You don’t have to write your own analysis scripts. The sFlow data can be converted into different forms for compatibility with existing tools. For example, the following command uses sflowtool to convert the binary sFlow HTTP operation data into ASCII CLF so that the operations can be visually inspected or exported to a web log analyzer such as Webalizer:
sflowtool -H | rotatelogs log/http_log
You can also use protocol reporting tools such as Wireshark with sFlow, using sflowtool to convert sFlow into the standard PCAP format:
wireshark -k -i <(sflowtool -t)
In addition, there are a broad range of native sFlow analysis options that provide complementary functionality to Ganglia’s. The sFlow.org website contains a list of open source and commercial sFlow analysis tools—including Ganglia, of course!
When using multiple sFlow analysis tools, each tool needs to receive copies of the sFlow packets. There are two main approaches to replicating sFlow:
Configure each sFlow agent to send sFlow packets to multiple destinations. Because sFlow is a unicast protocol, this involves resending packets to each of the destinations and this increases measurement traffic on the network. The additional traffic is generally not an issue, as each sFlow agent generates a small number of packets.
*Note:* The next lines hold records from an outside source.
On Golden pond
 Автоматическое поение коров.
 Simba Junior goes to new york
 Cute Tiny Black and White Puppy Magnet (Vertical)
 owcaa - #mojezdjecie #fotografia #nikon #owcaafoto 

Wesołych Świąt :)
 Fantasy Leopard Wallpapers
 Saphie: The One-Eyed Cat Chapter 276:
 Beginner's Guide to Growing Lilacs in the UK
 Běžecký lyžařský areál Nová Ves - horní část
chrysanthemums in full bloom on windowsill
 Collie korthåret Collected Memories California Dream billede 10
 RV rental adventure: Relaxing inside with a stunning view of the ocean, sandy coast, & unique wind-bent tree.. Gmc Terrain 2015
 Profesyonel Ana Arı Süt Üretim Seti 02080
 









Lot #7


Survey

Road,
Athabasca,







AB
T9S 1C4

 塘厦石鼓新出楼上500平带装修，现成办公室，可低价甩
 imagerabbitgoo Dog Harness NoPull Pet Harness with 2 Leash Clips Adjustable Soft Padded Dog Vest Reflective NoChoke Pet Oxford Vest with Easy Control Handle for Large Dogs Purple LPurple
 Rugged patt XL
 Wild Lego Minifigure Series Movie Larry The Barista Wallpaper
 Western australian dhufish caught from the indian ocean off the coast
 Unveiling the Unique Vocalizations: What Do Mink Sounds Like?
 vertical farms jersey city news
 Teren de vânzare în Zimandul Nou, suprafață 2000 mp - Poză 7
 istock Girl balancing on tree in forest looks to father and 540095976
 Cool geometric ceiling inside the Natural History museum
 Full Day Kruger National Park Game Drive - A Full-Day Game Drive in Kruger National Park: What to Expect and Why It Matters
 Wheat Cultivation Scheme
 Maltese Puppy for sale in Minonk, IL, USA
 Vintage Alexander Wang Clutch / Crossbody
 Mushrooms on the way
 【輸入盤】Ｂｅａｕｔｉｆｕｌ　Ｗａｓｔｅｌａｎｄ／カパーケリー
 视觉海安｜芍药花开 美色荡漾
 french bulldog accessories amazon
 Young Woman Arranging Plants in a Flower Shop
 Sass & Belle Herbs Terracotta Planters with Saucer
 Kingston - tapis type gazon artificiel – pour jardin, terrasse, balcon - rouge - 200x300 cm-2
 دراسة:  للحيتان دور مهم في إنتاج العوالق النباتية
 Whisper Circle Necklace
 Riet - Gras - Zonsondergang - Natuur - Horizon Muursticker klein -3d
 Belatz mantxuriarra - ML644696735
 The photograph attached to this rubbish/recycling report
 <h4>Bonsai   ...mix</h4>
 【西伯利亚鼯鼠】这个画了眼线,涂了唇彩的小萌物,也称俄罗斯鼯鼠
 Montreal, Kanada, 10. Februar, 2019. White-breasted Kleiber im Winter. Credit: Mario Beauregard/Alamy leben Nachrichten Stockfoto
Some sFlow analyzers have built-in replication and packet
forwarding capabilities, and there are commercial and open source
UDP replication tools available, including
sflowtool
.
Finally, the case study Tagged, Inc. demonstrates how Ganglia and sFlow are used in a large deployment, illustrating the techniques described in this chapter and providing examples that demonstrate the importance of performance monitoring to the operations and developer teams.